Une campagne de com qui joue de la rareté et de l’abondance
Red Dead Redemption 2 est, grâce en partie à une campagne de communication alternant savamment entre rareté (les images et bandes-annonces progressivement dévoilées) et abondance (de chiffres notamment : sur le nombre de pages de scénario – deux mille pour l’intrigue principale – ou d’acteurs mobilisés – mille deux cents), le jeu qui fait paraître tous les autres plus petits, plus ordinaires.
Les joueurs y chevaucheront à volonté dans un monde immense et plastiquement superbe, explorant villes (qui, selon les cas et la culture de chacun, évoqueront les films de John Ford, de Sergio Leone ou les BD de Lucky Luke) et forêts (où, un peu honteux, on se surprend à chasser le petit lapin), sous la pluie, la neige ou le soleil, tenant leur rôle de hors-la-loi comme la quête principale le leur suggère ou, si le cœur leur en dit, s’en allant faire tout à fait autre chose – par exemple regarder le ciel, écouter le vent. En matière d’invitation au voyage, le jeu vidéo a rarement fait plus alléchant.

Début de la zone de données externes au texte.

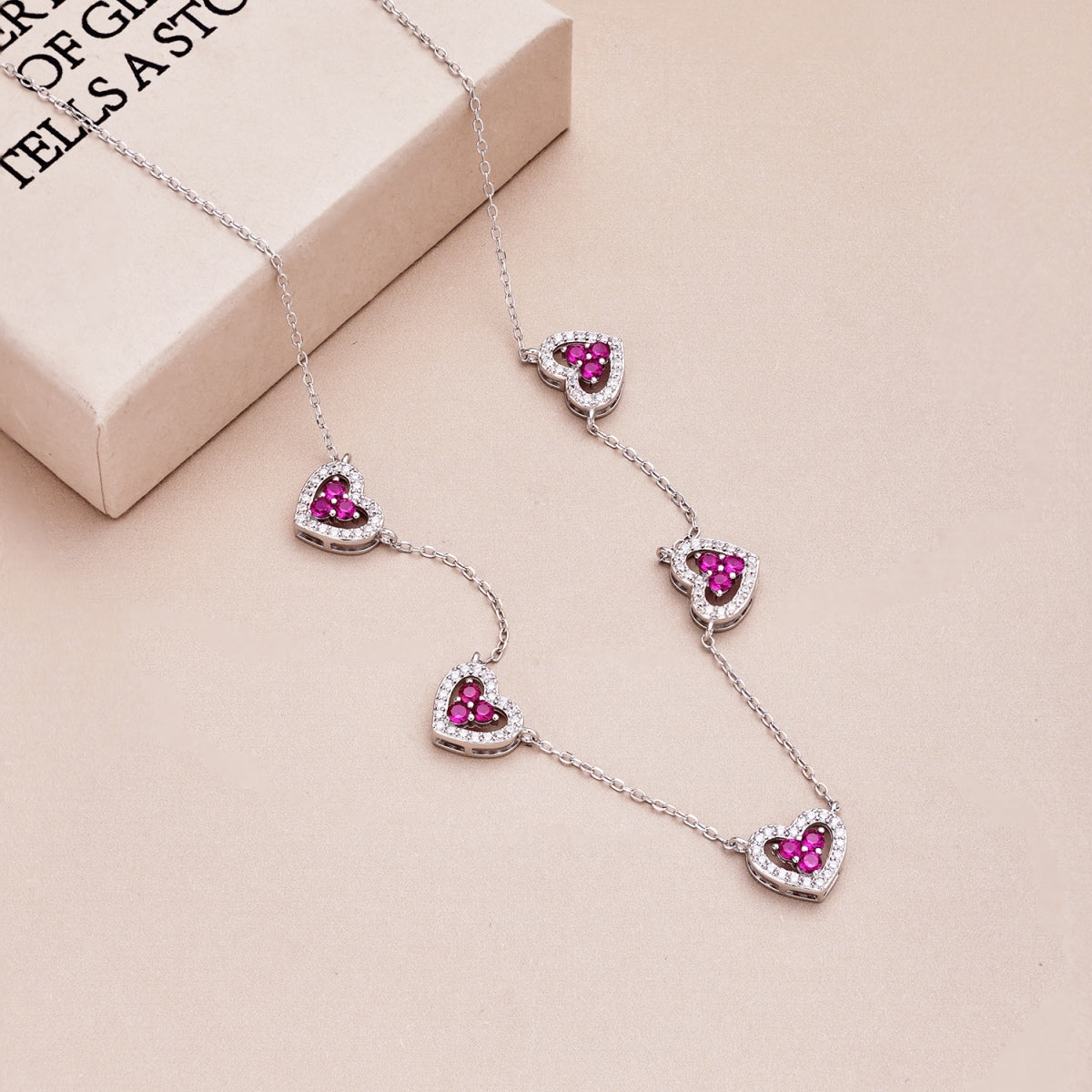 [Polaidi Jewelry]Sparkling Five Heart Necklace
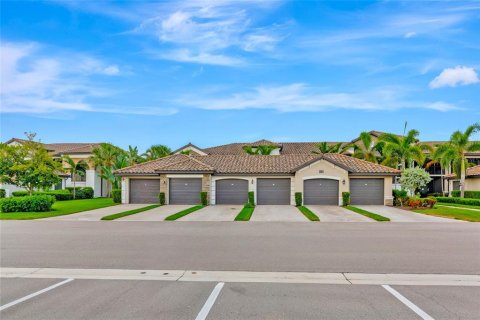 Condo in Bradenton, Florida, 2 bedrooms in LAKEWOOD NATIONAL  № 1780518 - photo 29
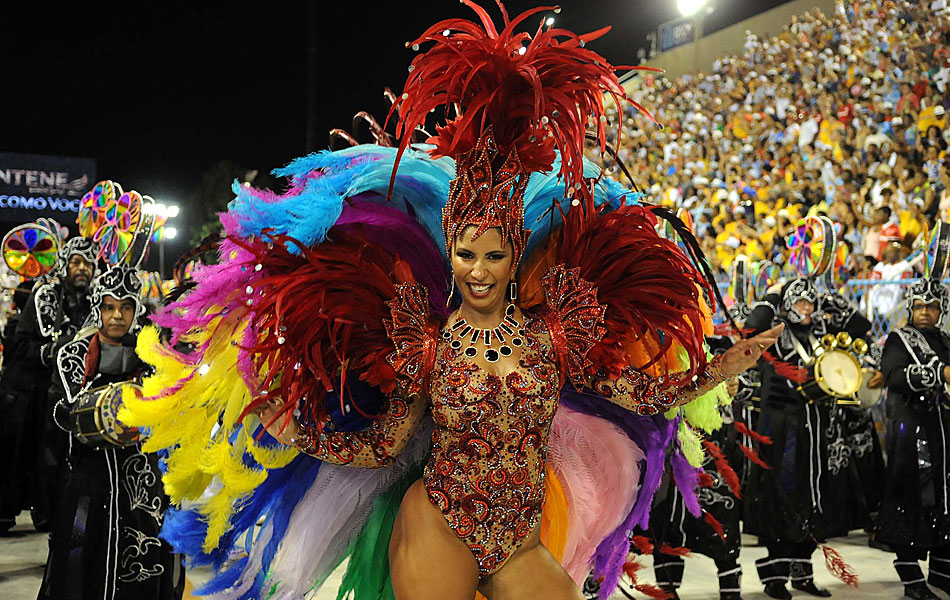 Patricia Nery, rainha de bateria da Renascer de Jacarepauá, mostra samba no pé durante o desfile da escola.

« GTA III », l’envol de Rockstar Games
Rockstar Games a toujours été une société de jeux vidéo à part. Créée en 1998 par les frères (britanniques) Sam et Dan Houser au sein de l’éditeur américain Take-Two Interactive mais héritière de BMG Interactive qui avait édité le tout premier Grand Theft Auto un an plus tôt, Rockstar a vraiment pris son envol au début des années 2000 avec GTA III et ses épisodes dérivés, Vice City (qui se déroule à Miami dans les années 1980, avec une entêtante bande-son d’époque) et San Andreas (situé en Californie au début de la décennie suivante).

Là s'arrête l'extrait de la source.